Casi siempre nos saltábamos las horas tediosas de algunas asignaturas que no nos interesaban, y cambiábamos lo académico por los debates golfos e informales, sentados, la mayoría de las ocasiones, en los banquitos del Parque Genovés, que se abría de par en par, tentándonos con su exhuberancia, justo enfrente de la puerta principal de nuestra facultad.
Y allí nos reuníamos un grupo de seis o siete, entre los que se encontraban Jesús con su guitarra fiel, Nando, María, algunos cuyos nombres no consigo arrancarle a la memoria, y por supuesto Manuel.
Transcurrían las horas que en principio prometían ser clandestinas y breves escapadas, para convertirse en tardes enteras y en anocheceres de música y literatura junto al mar, entre árboles tropicales de importación.
Fundamos una revista, con nombre de diosa antigua, políticamente incorrecta, a imagen y semejanza de nuestra locura, colgada de la cola de ese ave paradisíaca de plumas de color utopía.
Publicábamos nuestros poemas, nuestras reflexiones, nuestros dibujos contestatarios y antisistema. Manuel siempre nos daba algún poema escrito justo antes de que empezáramos a imprimir las hojas de nuestro sueño fotocopiado, con la consiguiente bronca nuestra por hacerse siempre esperar.
Ahí andábamos, construyendo ilusiones, quizás absurdas, pero ahora sé que valían la pena, y que yo misma me iba construyendo como persona al mismo tiempo que esas ilusiones.

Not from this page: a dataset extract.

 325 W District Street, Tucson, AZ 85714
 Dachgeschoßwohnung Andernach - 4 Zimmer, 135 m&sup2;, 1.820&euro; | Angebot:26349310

En ese ambiente, en ese caldo de cultivo, Manuel me regaló cintas de casette con esa voz que yo solía oir en su walkman, cuando con entusiasmo, en la biblioteca, me decía: escucha esta canción.

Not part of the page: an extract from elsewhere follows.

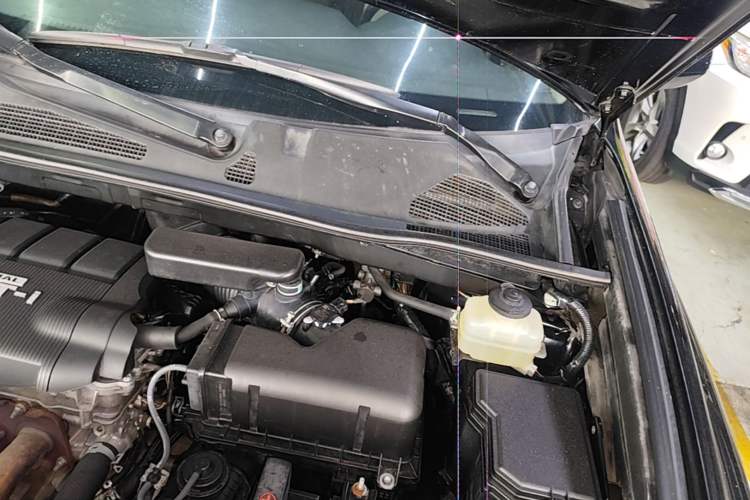 Used Toyota Highlander 2009 2.7L 2WD 5-Seater Elite Edition Engine Bay Left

La banda sonora de esos días era Javier Ruibal, y su poesía derramada sobre los vértices de mi alma me abrió de par en par las puertas de lo que ahora soy. Aunque también nos deleitábamos escuchando otras músicas dispares, como seres inquietos y eclécticos que nos vanagloriábamos de ser, sólo las letras y la fusión de melodías de Ruibal conseguían emocionarmos.
Seguíamos creciendo, interpretando papeles sobre las tablas de nuestras vidas, fumándonos los días entre apuntes y promesas, dibujando poemas en el aire...

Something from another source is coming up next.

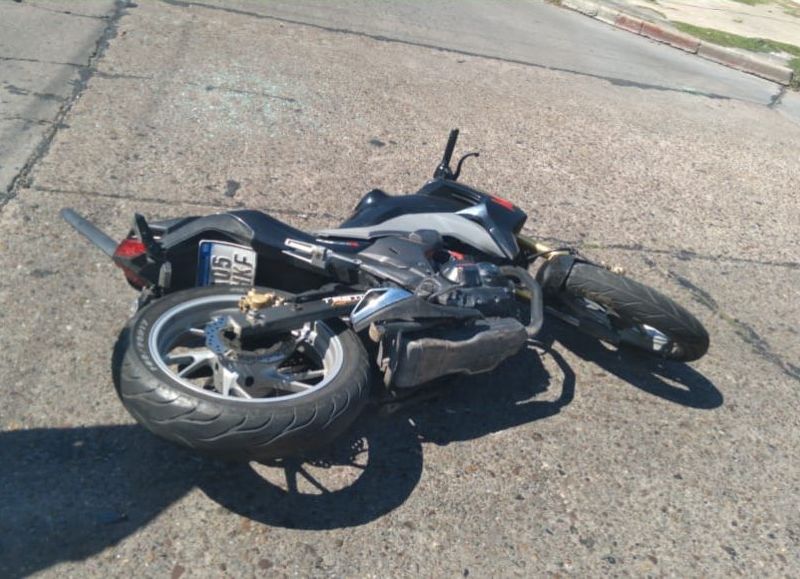 La moto tendida en la avenida 19. (Foto: NOVA)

Terminamos la carrera. Empezamos a vivir separados, pero bastaba escuchar los acordes de la guitarra de nuestro admirado cantautor del Puerto, para que un hilo invisible uniera nuestra memoria, y nos pintara una sonrisa de regalo.
Tiempo después, volví a ver a Manuel. Tomamos café contándonos todo lo que nos los años nos habían traído, obviando cualquier tema que dejara al descubierto todas aquellas promesas que no habíamos conseguido cumplir, no fuera que nos traicionásemos en el ideal de no dejarnos alienar jamás. Reímos. Y disfruté como siempre con su forma de ser, con su chispeante modo de entenderme, sin dejarse entender del todo, para no mostrar su debilidad, por mí, quizás. Pero nunca lo supe.
Me llevó a casa, nos despedimos, a sabiendas de que no nos volveríamos a ver, ya que hay corrientes supérfluas que arrastran tan fuerte que no te dejan mirar atrás.
Justo al bajar del coche, me llamó, me giré, él bajó la ventanilla y subió el volumen de la radio: esta canción es para tí.
Dónde quedó aquella noche
quien sabe qué me llevó hasta la playa.
Apareciste en la orilla,
eras hermosa, menuda y plateada.
No revelaste tu nombre
dijiste ser hija de la fortuna.
Tú te prendiste a mi cuello
y yo no hice pregunta ninguna.
Ya no hubo más que caricias
y un remolino de labios y cuerpos.
Una mujer de agua y luna llena mi recuerdo.
Agualuna
llévame allí
donde tu piel fue escarcha para mis manos.
Agualuna,
quiero volver para besar tu pecho blanco y mojado.
Agualuna...
Vuelvo a tu reino nocturno,
en vano te busco por la bahía.
Puede que fueras un sueño,
mi corazón sabe que fuiste mía.
Hoy alguien vino cantando
que en una playa misteriosa y sola
una mujer de agua y luna salió de las olas.
Agualuna...
Y ahora, puedo decir con orgullo que Javier Ruibal, además de ser un genial cantautor, un maestro entre maestro, una persona cercana y amable, es un amigo.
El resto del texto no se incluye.